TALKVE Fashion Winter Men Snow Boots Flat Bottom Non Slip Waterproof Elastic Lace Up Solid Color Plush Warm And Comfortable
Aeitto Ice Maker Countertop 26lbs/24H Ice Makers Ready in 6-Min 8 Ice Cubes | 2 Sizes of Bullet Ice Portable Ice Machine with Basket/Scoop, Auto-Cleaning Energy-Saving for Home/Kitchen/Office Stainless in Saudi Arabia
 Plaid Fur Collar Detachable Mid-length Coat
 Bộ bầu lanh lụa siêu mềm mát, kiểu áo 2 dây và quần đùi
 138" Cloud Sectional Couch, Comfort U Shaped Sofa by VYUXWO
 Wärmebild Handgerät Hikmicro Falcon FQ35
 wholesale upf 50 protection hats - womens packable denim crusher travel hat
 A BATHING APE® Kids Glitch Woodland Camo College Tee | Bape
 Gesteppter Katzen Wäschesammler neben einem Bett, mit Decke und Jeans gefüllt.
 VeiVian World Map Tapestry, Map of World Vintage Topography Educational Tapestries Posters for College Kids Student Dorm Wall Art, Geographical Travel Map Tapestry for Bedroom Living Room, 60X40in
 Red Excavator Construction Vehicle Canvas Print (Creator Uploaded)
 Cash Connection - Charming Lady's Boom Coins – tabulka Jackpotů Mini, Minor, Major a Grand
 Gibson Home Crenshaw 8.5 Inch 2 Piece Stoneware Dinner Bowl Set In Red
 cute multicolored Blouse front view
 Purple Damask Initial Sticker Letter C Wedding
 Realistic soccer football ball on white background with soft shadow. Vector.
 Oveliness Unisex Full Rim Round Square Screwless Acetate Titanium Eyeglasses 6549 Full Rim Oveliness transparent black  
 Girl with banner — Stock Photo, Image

_ _ _ _ _ _ _

■ **TASK**
Among the lines above, return those that contain the string "with".

■ **RESPONSE**
Aeitto Ice Maker Countertop 26lbs/24H Ice Makers Ready in 6-Min 8 Ice Cubes | 2 Sizes of Bullet Ice Portable Ice Machine with Basket/Scoop, Auto-Cleaning Energy-Saving for Home/Kitchen/Office Stainless in Saudi Arabia
 Realistic soccer football ball on white background with soft shadow. Vector.
 Girl with banner — Stock Photo, Image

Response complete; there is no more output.